Le soldat, un uhlan qui chevauchait en solitaire, dut sûrement comprendre tout de suite que je le menaçais, comme c’était d’ailleurs le cas. Le rayonnement bleu, à la pointe de sa lance, se mit à flamboyer en même temps qu’il donna de l’éperon dans notre direction.

Tout à bout de souffle qu’il apparût, Noir-de-jais n’en fit pas moins un crochet impeccable, tel un lièvre pourchassé. Il me suffit d’une légère traction sur les rênes pour qu’il fasse demi-tour, ses sabots labourant l’herbe du chemin. En moins d’une respiration, nous étions déjà repartis dans la direction d’où nous venions, lancés à fond de train contre les choses noires qui nous poursuivaient. Je ne sus pas sur le moment si Jonas avait ou non compris mon plan, mais toujours est-il qu’il le suivit, dans la mesure où pas un instant il ne ralentit le train.

L’une des créatures plongea sur nous – véritable trou de ténèbres déchiré dans le flanc de l’univers, car elle était faite de fuligine véritable, ne renvoyant pas plus de lumière que mon propre vêtement. Je crois qu’elle essaya d’atteindre Jonas, mais elle passa à portée de mon épée. Je l’ouvris en deux comme je l’avais déjà fait, et elle s’effondra à nouveau en lançant un souffle de chaleur.
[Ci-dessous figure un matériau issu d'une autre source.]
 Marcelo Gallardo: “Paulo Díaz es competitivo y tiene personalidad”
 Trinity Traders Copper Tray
Sachant maintenant d’où provenait celle-ci, elle me parut encore plus maléfique et abominable que la plus nauséabonde des odeurs, et le seul fait de la sentir sur ma peau me hérissa le poil. Je dégageai rapidement dans la direction opposée au fleuve, redoutant à tout moment un éclair de la lance du uhlan. À peine avions-nous quitté le chemin que jaillissait la flamme bleue, carbonisant le sol et mettant le feu à un arbre mort.
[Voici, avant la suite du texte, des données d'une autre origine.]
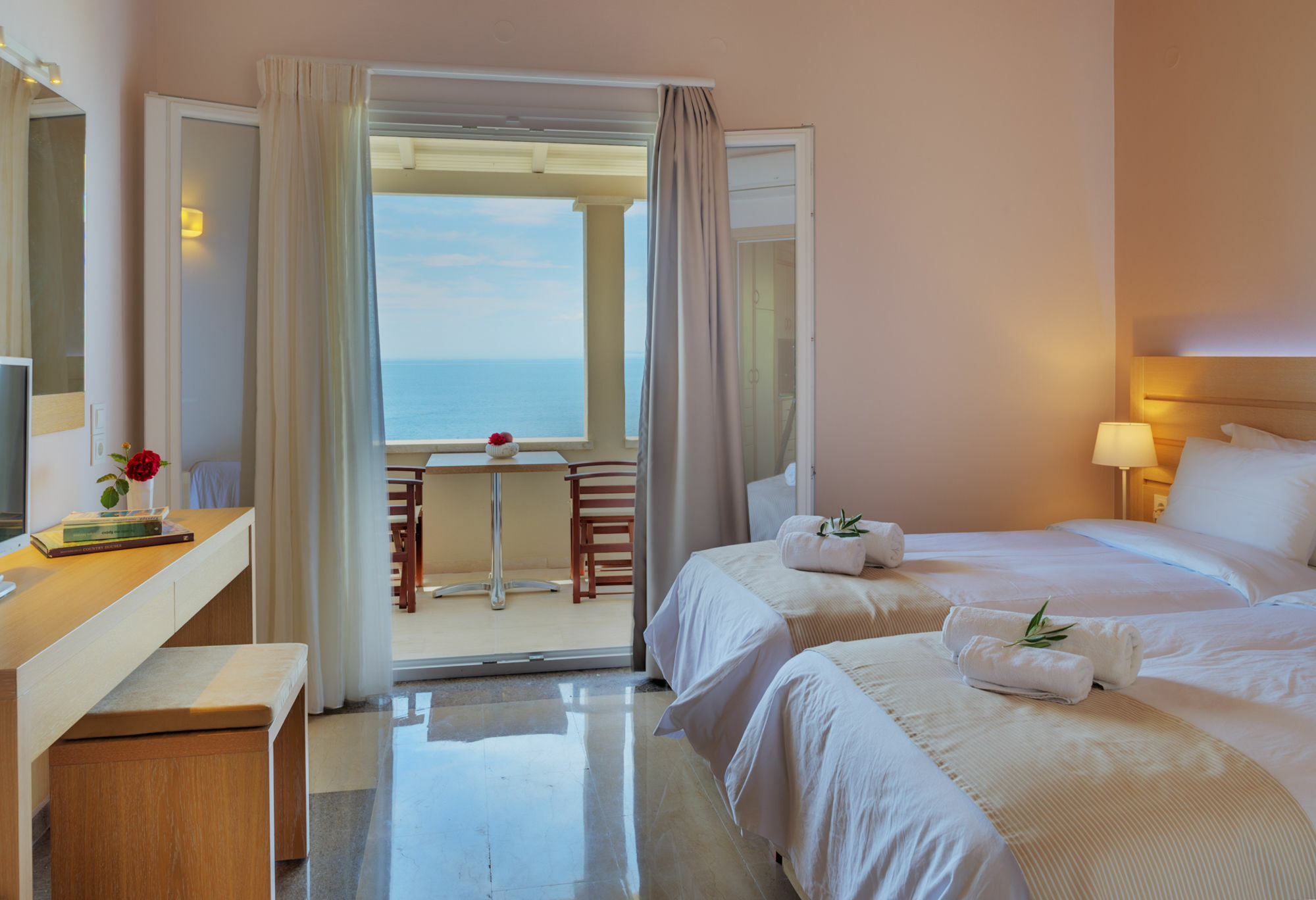 Krouzeri Beach Apartments Katávolos المظهر الخارجي الصورة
Je tirai sèchement sur les rênes, et mon destrier se cabra en rugissant. Pendant un moment, je cherchai des yeux les trois choses noires à proximité des flammes, mais elles ne s’y trouvaient pas. Je pensai alors à Jonas, et craignis qu’elles ne l’aient attaqué d’une manière ou d’une autre, me demandant comment elles s’y prenaient.
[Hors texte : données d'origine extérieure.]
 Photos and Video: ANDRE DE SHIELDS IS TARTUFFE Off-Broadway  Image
Elles n’étaient pas non plus auprès de lui, et la direction de son regard m’indiqua sur qui leur choix s’était porté : elles zigzaguaient autour du uhlan, lequel, je le vis, cherchait à se défendre à l’aide de sa lance. Les éclairs fendaient l’air les uns après les autres, si bien qu’ils produisaient un véritable roulement de tonnerre, presque continu. L’éclat du soleil paraissait ternir à chacun de ces éclairs, mais c’est de l’énergie même à l’aide de laquelle il espérait les détruire que se nourrissaient les entités noires, y puisant de plus en plus de force. Bientôt elles ne me parurent plus voler, mais lancer de noirs éclats, comme si des ténèbres pouvaient rayonner ; elles surgissaient tout d’un coup à un endroit, puis à un autre, chaque fois un peu plus près du uhlan, jusqu’à ce que, en moins de temps qu’il n’en faut pour l’écrire, elles se fussent précipitées sur sa tête. Il tomba de sa selle, et la main qui tenait la lance s’ouvrit, laissant l’arme rebondir sur le sol et s’éteindre.